_WORK TO COMPLETE_
Make an exact copy of the records, leaving out the images.

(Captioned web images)
═══

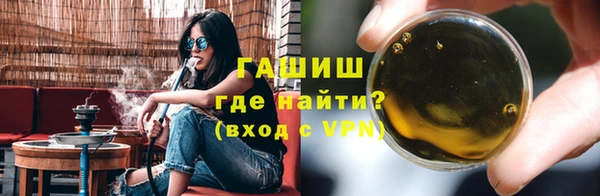 гашиш Ладушкин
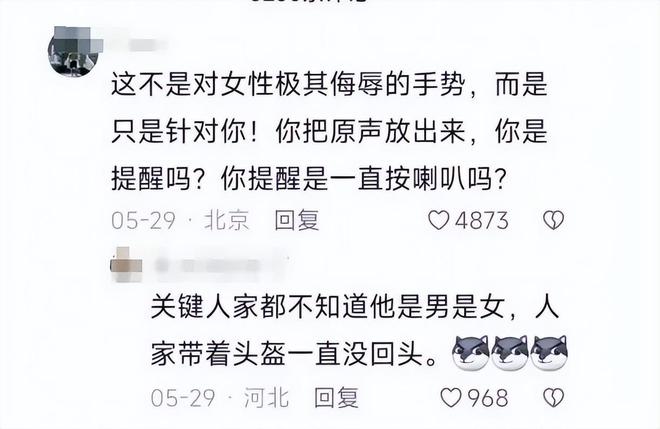 突后续：女司机气到流产公布完整行车记录仪尊龙凯时人生就是搏平台河北女司机与骑手冲(图8)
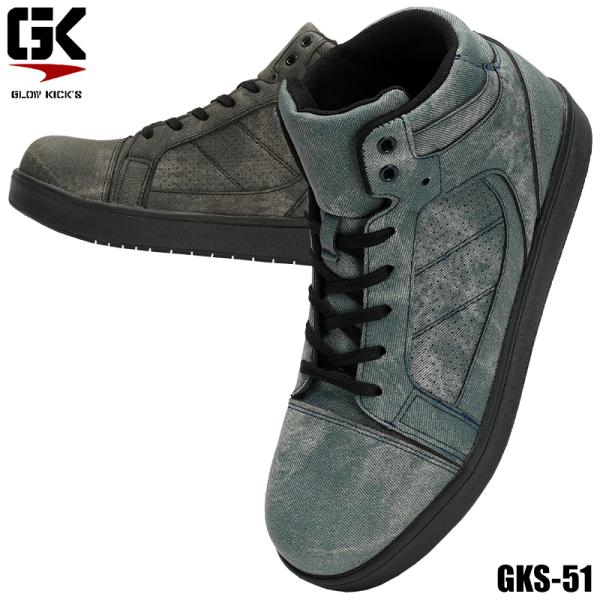 安全靴 ハイカット ケイゾック GKS-51 紐タイプ デニム(風)  メンズ 25-28cm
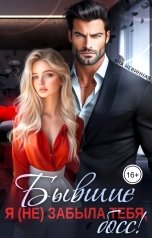 обложка книги Яна Невинная "Бывшие. Я (не) забыла тебя, босс"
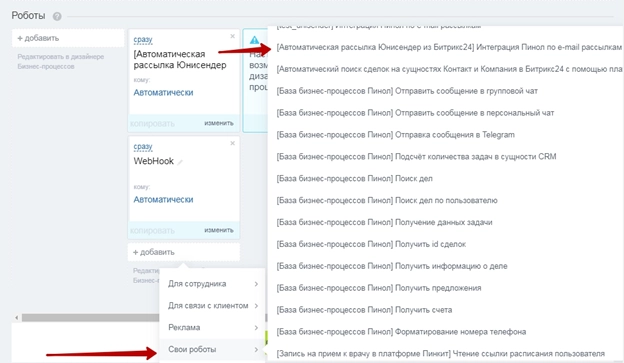 Поиск робота Автоматическая рассылка Юнисендер из Битрикс24 Поиск робота Автоматическая рассылка Юнисендер из Битрикс24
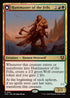 [Foil] INR 241 Huntmaster of the Fells R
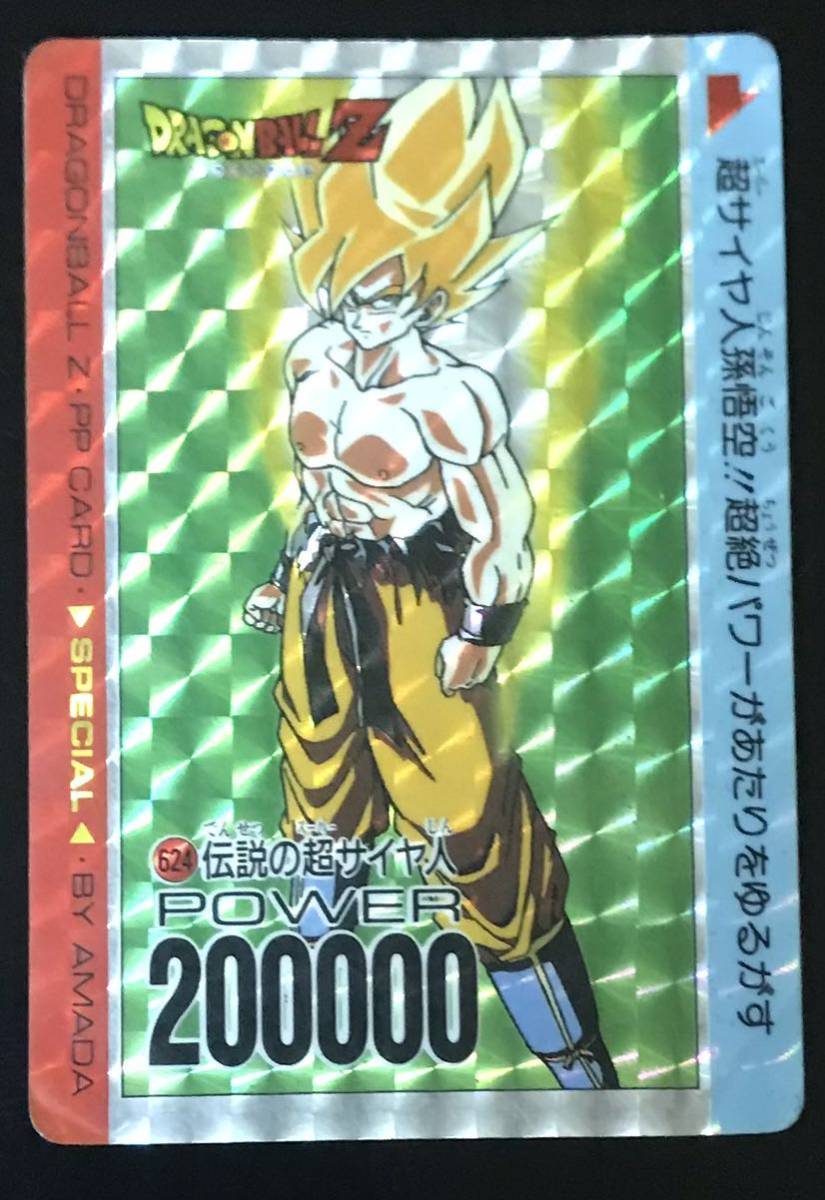 ドラゴンボール アマダ PPカード スペシャル弾 No.624 問題 伝説の超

═══

_EXERCISE SOLUTION_
 гашиш Ладушкин
 突后续：女司机气到流产公布完整行车记录仪尊龙凯时人生就是搏平台河北女司机与骑手冲(图8)
 安全靴 ハイカット ケイゾック GKS-51 紐タイプ デニム(風)  メンズ 25-28cm
 обложка книги Яна Невинная "Бывшие. Я (не) забыла тебя, босс"
 Поиск робота Автоматическая рассылка Юнисендер из Битрикс24 Поиск робота Автоматическая рассылка Юнисендер из Битрикс24
 [Foil] INR 241 Huntmaster of the Fells R
 ドラゴンボール アマダ PPカード スペシャル弾 No.624 問題 伝説の超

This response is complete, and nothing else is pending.